• **WHAT IS BEING ASKED**: Leave out the pictures and repeat exactly the lines from the one containing "Now if I was" through the final line of the listing below.
----- COLLECTED DATA -----
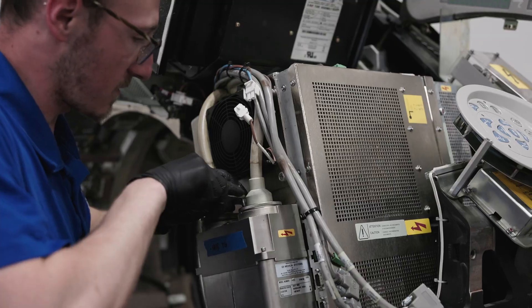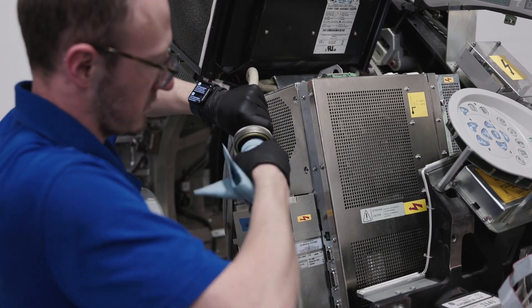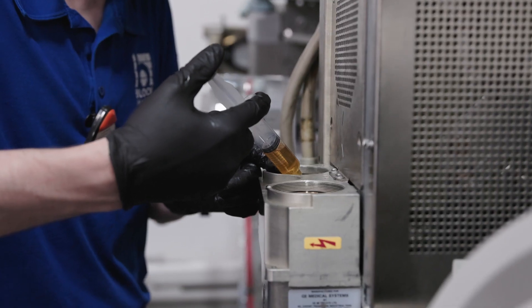These steps are identical, and what they consist of is taking the repaired or reloaded tube housing assembly and installing it on the exact make and model of the CT scanner for the intended application.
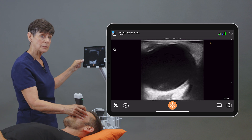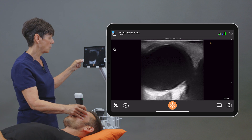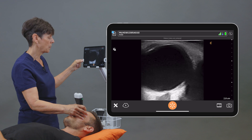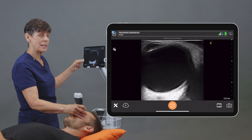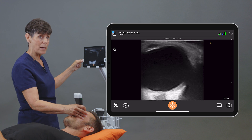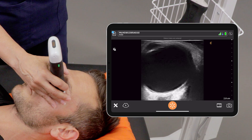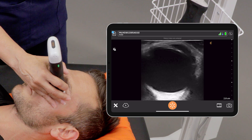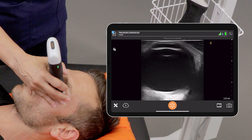Now if I was looking for a retinal detachment, I would see free-floating retina on one or both sides of that optic nerve, keeping in mind that it's tethered to the optic nerve. And in cases of vitreous hemorrhage, you may see a membrane or echogenic debris floating around within the vitreous body. Especially if the patient moves his eye back and forth, that would help demonstrate those loose bodies or echogenic debris.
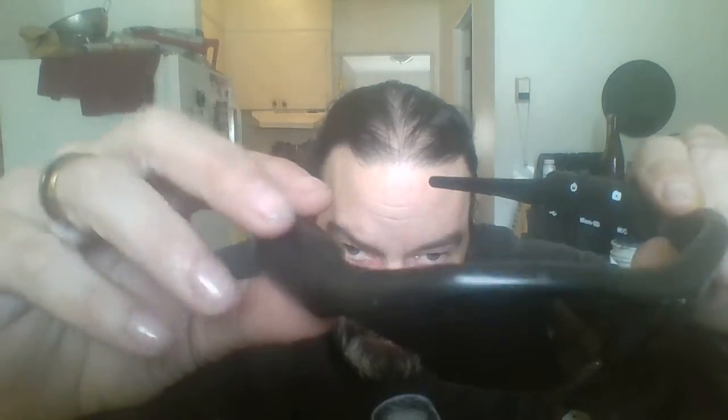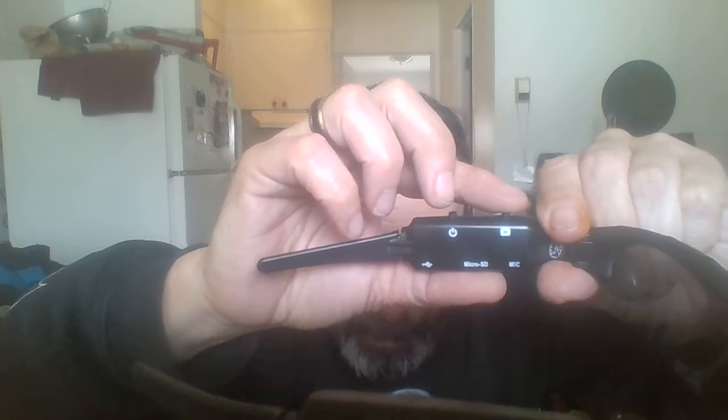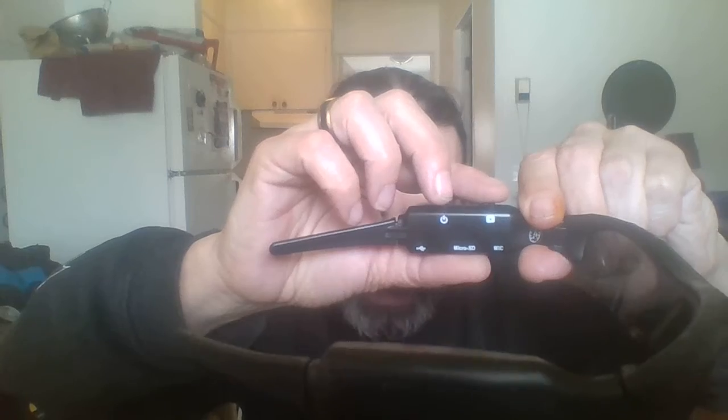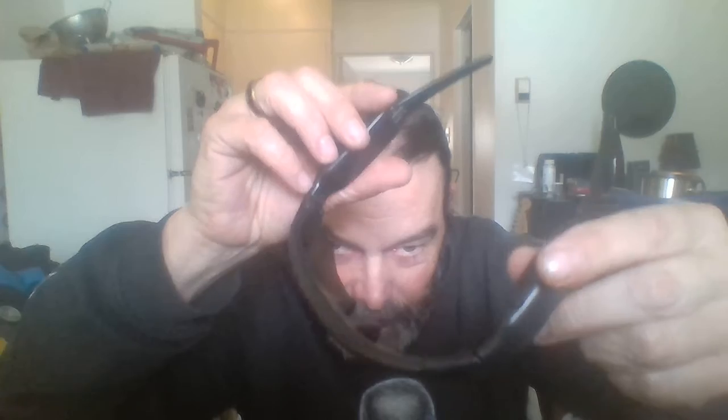Very cool. Looks like a glasses case, doesn't it? Well, that's because that's exactly what it is. Camera's right there. On/off power button, record button for video or still shots, with microphone in here.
-----
• **SOLUTION**:
Now if I was looking for a retinal detachment, I would see free-floating retina on one or both sides of that optic nerve, keeping in mind that it's tethered to the optic nerve. And in cases of vitreous hemorrhage, you may see a membrane or echogenic debris floating around within the vitreous body. Especially if the patient moves his eye back and forth, that would help demonstrate those loose bodies or echogenic debris.
Very cool. Looks like a glasses case, doesn't it? Well, that's because that's exactly what it is. Camera's right there. On/off power button, record button for video or still shots, with microphone in here.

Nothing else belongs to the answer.